Sabe, As vezes me pego receosa sobre o tempo que perdi tentando fazer uma foto no mar do azul mais incrível que já vi, tenho vergonha de contar, mas talvez tenham sido 60 tentativas e a que eu mais gostei foi uma espontânea quando fui pega de surpresa por uma pequena onda. Tem também uma outra que fiquei chateada porque o look não estava perfeito para a foto.  Uma vez, ao procurar sobre o destino enquanto planejava uma viagem, encontrei a venda um “guia para a foto perfeita” com dicas dos locais exatos nos quais se poderia tirar uma foto idêntica ao do guia de turismo. Então pergunto: cadê a autenticidade? Cade as fotos realmente espontâneas com ruguinhas no sorriso ou aquelas que nos pegam de jeito quando estamos emocionados, seja diante de uma obra de arte ou rindo de algo que vimos acontecer com as pessoas ao lado? Qual o problema se aparecer alguém no fundo? E se você repetir uma roupa?

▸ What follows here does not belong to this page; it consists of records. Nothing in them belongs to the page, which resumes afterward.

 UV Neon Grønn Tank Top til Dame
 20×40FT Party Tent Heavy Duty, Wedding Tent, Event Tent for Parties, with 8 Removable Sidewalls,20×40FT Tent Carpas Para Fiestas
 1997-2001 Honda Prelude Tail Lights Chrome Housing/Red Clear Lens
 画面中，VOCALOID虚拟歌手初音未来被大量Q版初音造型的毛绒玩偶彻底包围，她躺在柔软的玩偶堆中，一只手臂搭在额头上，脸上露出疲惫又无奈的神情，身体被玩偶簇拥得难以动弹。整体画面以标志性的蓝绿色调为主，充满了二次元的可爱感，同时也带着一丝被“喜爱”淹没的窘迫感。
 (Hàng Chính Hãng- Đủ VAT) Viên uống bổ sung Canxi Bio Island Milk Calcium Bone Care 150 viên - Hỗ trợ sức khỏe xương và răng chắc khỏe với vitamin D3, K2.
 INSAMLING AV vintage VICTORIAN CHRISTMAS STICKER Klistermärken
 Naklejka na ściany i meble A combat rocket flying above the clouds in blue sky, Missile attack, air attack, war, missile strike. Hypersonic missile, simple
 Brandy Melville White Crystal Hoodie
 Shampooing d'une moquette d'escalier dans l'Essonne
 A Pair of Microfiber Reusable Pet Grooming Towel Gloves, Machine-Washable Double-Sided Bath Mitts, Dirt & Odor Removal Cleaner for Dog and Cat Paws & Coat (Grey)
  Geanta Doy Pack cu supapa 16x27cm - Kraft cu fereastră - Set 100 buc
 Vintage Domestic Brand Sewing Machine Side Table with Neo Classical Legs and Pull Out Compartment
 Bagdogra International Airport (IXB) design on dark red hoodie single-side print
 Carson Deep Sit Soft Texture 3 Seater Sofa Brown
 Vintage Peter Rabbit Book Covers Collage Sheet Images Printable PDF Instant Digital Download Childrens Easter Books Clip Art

Acredito que em grande parte a culpa disso seja do Instagram. Dessa coisa frenética de postar no exato momento, ou de ter o clique perfeito porque senão perde-se o timing. Quantas vezes viajei e fiquei sem bateria no lugar que acabou se tornando o mais legal da viagem? Exemplo disso aconteceu recentemente. Estava num local que não esperava ir e nele vi um pôr do sol dos sonhos. Ficar sem bateria também me levou numa grande aventura que culminou numa amizade que carrego com carinho. Tem coisas que nem a melhor câmera é capaz de captar: aquela sensação de estar presente. Veja, sou super a favor das câmeras e fotos, e o Instagram é a minha rede social preferida. Só me questiono em que lugar ficaram as fotos que não são perfeitas. As fotos que a gente pega e simplesmente sorri ao invés de falar: “nossa, tirei 58 para escolher essa e postar”. Fotos são excelentes complementos para nossas memórias. Fotos nos ajudam a compreender os lugares, complementar um panorama que muitas vezes é tão amplo que nossos olhos se perdem.



Minha foto preferida da minha primeira viagem internacional é uma foto que seria impublicável no instagram, simplesmente porque não tem uma estética correspondente com o que as pessoas esperam na rede,, mas ela reflete um momento tão maravilhoso! Estou numa daquelas ruelas italianas, sentada numa cantina diante de um prato de massa que eu não gostei, mas eu estou com o sorriso mais largo que já esbocei, numa época que eu não sorria muito porque era muito séria. Pense em quantas fotos poderíamos ter sem nos preocupar em reproduzir algo que vimos porque ficaria lindo no insta. Sabe, isso vale não apenas para fotos de viagem mas para a vida também. Estou há uns dias num detox do instagram, parte de um processo no qual quero ter mais tempo offline do que online, e percebi que algumas fotos são quase que disfuncionais sem o aplicativo, fotos que às vezes tiramos para um story. Adoro ler livros de arquiteto que viajavam, as fotos me encantam. Se seriam instagramáveis? Não sei, mas me fazem refletir sobre as minhas e as que vejo pelas redes e me pergunto sobre o real significado de algumas delas, e o tempo que passamos em busca do clique perfeito enquanto poderíamos estar apreciando o nascer do sol e lembrar da música que tocava naquele momento, a paisagem ou a companhia. Simplesmente estando presentes e atentos ao momento. Soa como medição aplicada a vida e talvez seja. Viver mais desconectados e com mais leveza e expondo nas redes uma vida mais real e menos milimetricamente pensada.